We will all get into McIrish’s truck. The children will campaign for the dog’s presence, then complain about having to sit with the dog. Princess Daughter will opt for fashion over warmth, and will be cold. Once at the farm, Dearest Son will run ahead or lag behind with the dog.
Tradition dictates that within ten minutes, we will find our perfect tree, but we will be convinced that a better tree exists, so we will tramp around for another forty-five minutes or so before coming back to the first tree. Then, we’ll pick out my mother’s Christmas tree, which will be significantly smaller than ours. I will speculate about the joys of a smaller tree and be rewarded with wounded looks for my traitorous words.
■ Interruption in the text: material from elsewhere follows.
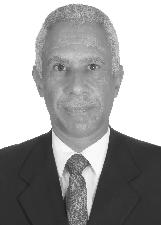 Foto de CELSO ROBERTO VAZ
Tradition demands that our tree is slightly too large to fit in our Christmas tree stand, requiring me to hug the tree, getting needles in my eye, while McIrish cuts off chunks of the trunk and bolts the tree in. I then comment on my fears that our huge tree will fall, and McIrish will sigh, resist and then cave into my wishes for a securing line.
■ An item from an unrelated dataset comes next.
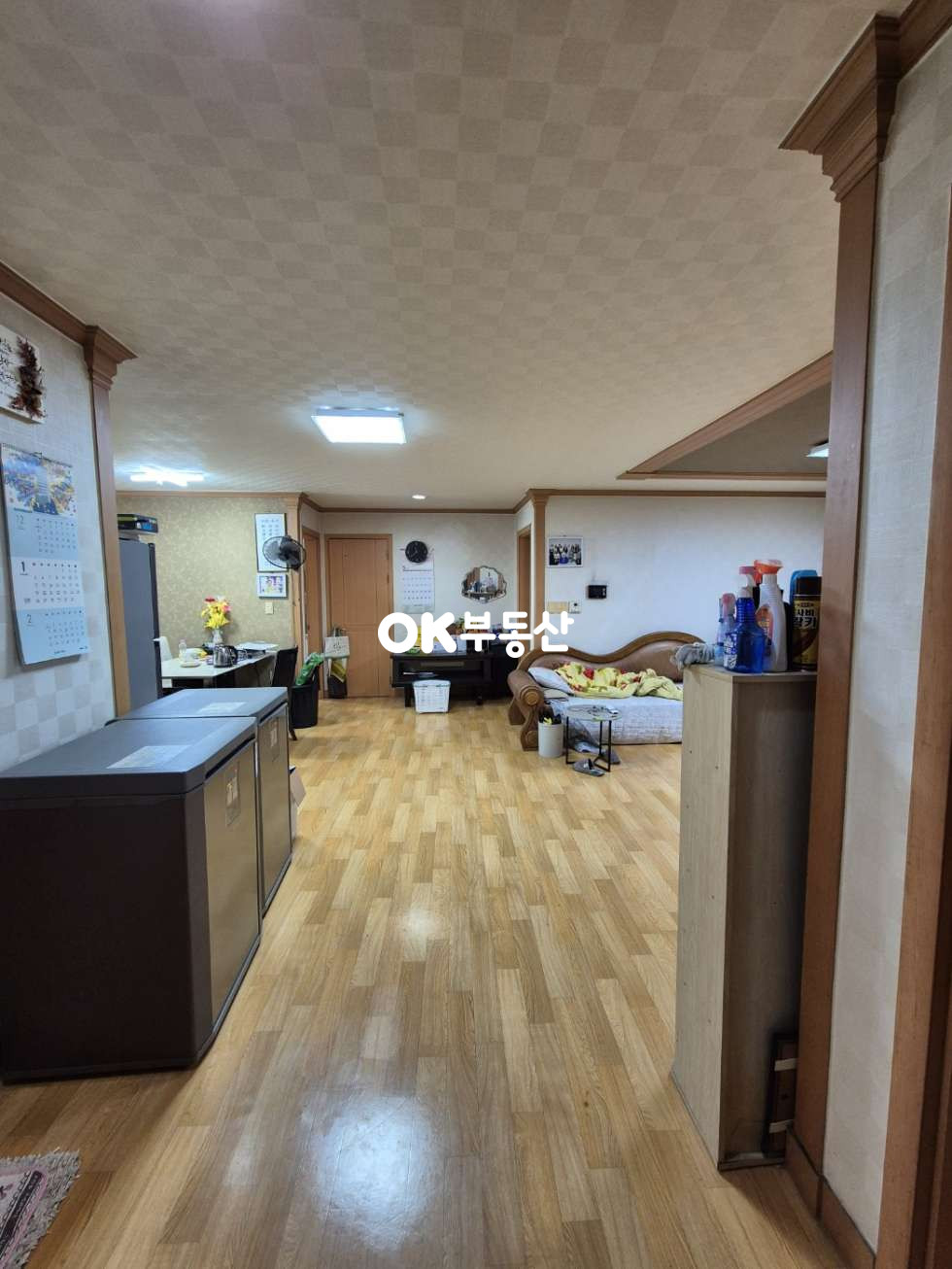 충남 천안서북구 불당동 천안상가주택매매 불당동 상가주택매매 초중고를 품은 불당동 상가주택매매 매매 매물번호 17543 사진 7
And tradition tells us to listen to the Messiah while decorating the tree, and that we sing along. We drink eggnog. I must put the hideous little legless fairy in her special front-and-center spot, and McIrish puts Peter Pan and Captain Hook in their usual combative traditions. Princess loves the dangly red and purple decoration Santa brought her, and Dearest Son loves the little dinosaurs.
And then, when it’s all done, tradition says that McIrish and the kids lie under the tree and look up into the brightly lit branches, and all is merry and bright.